The following five questions (i.e., questions 2-6) refer to the following information:





A study was conducted in order to estimate μ, the mean number of weekly hours that U.S. adults use computers at home. Suppose a random sample of 81 U.S. adults gives a mean weekly computer usage time of 8.5 hours and that from prior studies, the population standard deviation is assumed to be σ = 3.6 hours.


A similar study conducted a year earlier estimated that μ, the mean number of weekly hours that U.S. adults use computers at home to be 8 hours. We would like to test (at the usual significance level of 5%) whether the current study provides significant evidence that this mean has changed since last year.





Using the confidence interval you selected in problem 3 our conclusion is that:











(a) the current study does provide significant evidence that the mean number of weekly hours has changed over the past year since 8 falls outside the confidence interval.





(b) the current study does not provide significant evidence that the mean number of weekly hours has changed over the past year since 8 falls outside the confidence interval.





(c) the current study does provide significant evidence that the mean number of weekly hours has changed over the past year since 8 falls inside the confidence interval.





(d) the current study does not provide significant evidence that the mean number of weekly hours has changed over the past year since 8 falls inside the confidence interval.





(e) None of the above.
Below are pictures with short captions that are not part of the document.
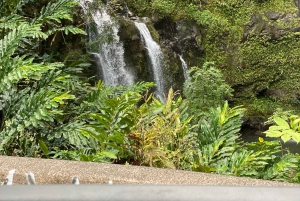 Maui: Van Tagestour nach Hana mit ortskundigem Guide und Mittagessen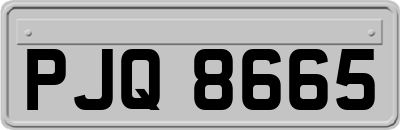 PJQ8665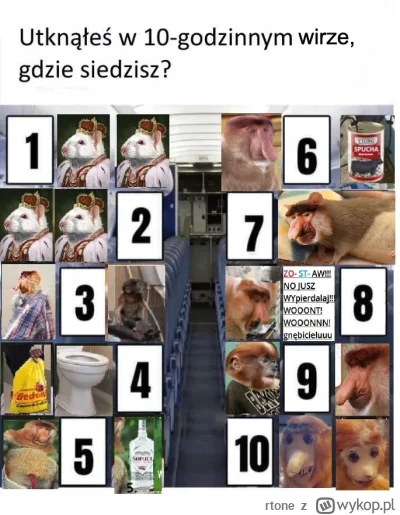 rtone - #konkursnanajbardziejgownianymemznosaczem

SPOILER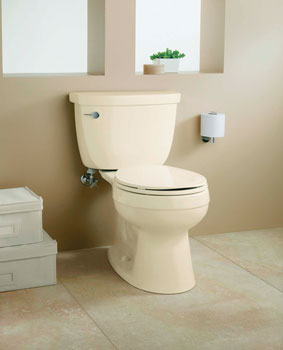 The Cimarron toilet by Kohler, $246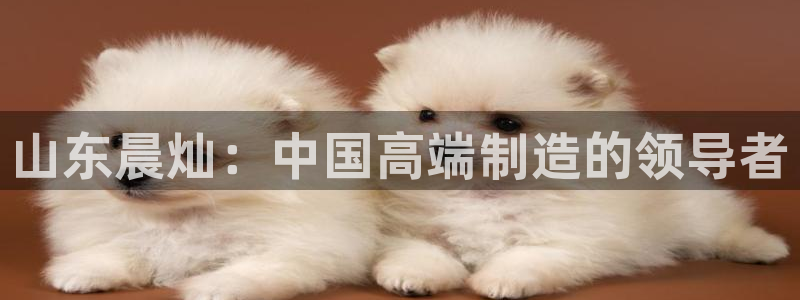 鸿运官方平台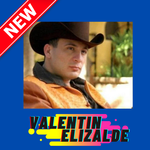 Musica de Valentin Elizalde icon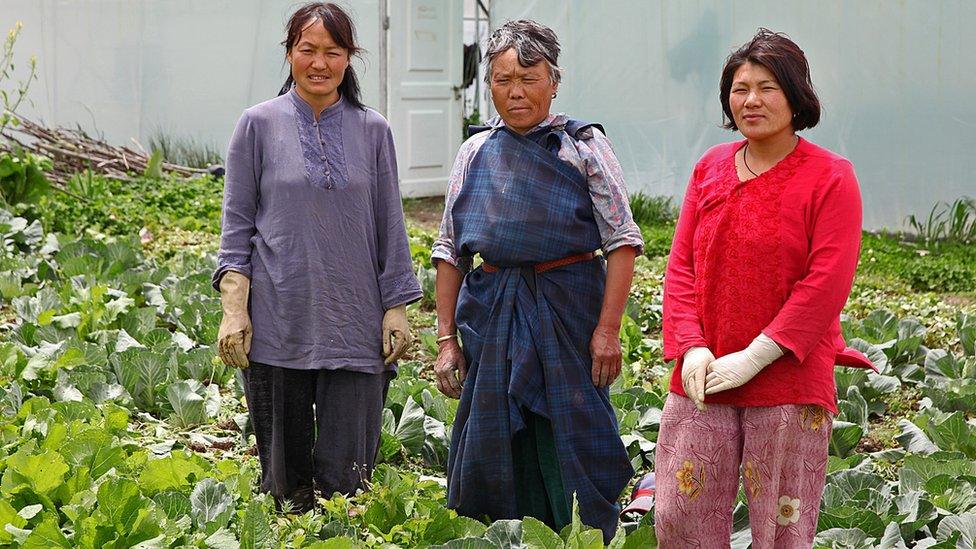 Three Bhutanese women wearing gloves in a vegetable patch.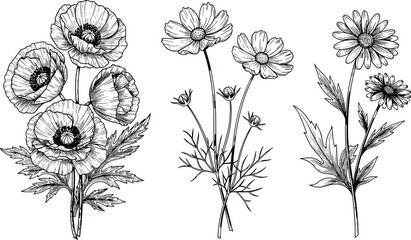 Hand drawn flower sketches including poppy cosmos and daisy for garden decoration cad drawing flat vector illustration botanical line art set © Hello Wolrd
The only way to reach a conclusion is by finding the p-value of the test.

Statistics Question?
ANSWER (d) the current study does not provide significant evidence that the mean number of weekly hours has changed over the past year since 8 falls inside the confidence interval.








COMPUTATION AND METHODOLOGY





A PREDICTION INTERVAL FOR A SINGLE X VALUE





1. x-bar +/- (t-critical value) * s * SQRT[1 + 1/n]





x-bar SAMPLE AVERAGE [8.5]


s STANDARD DEVIATION [3.6]


n SAMPLE SIZE [81]





2. t-critical value "look-up" table [2.272]





x-bar +/- (t-critical value) * s * SQRT[1 + 1/n]


=8.5 +/- 2.272 * 3.6 *SQRT[1 +1/81] = [16.7 , 0.3]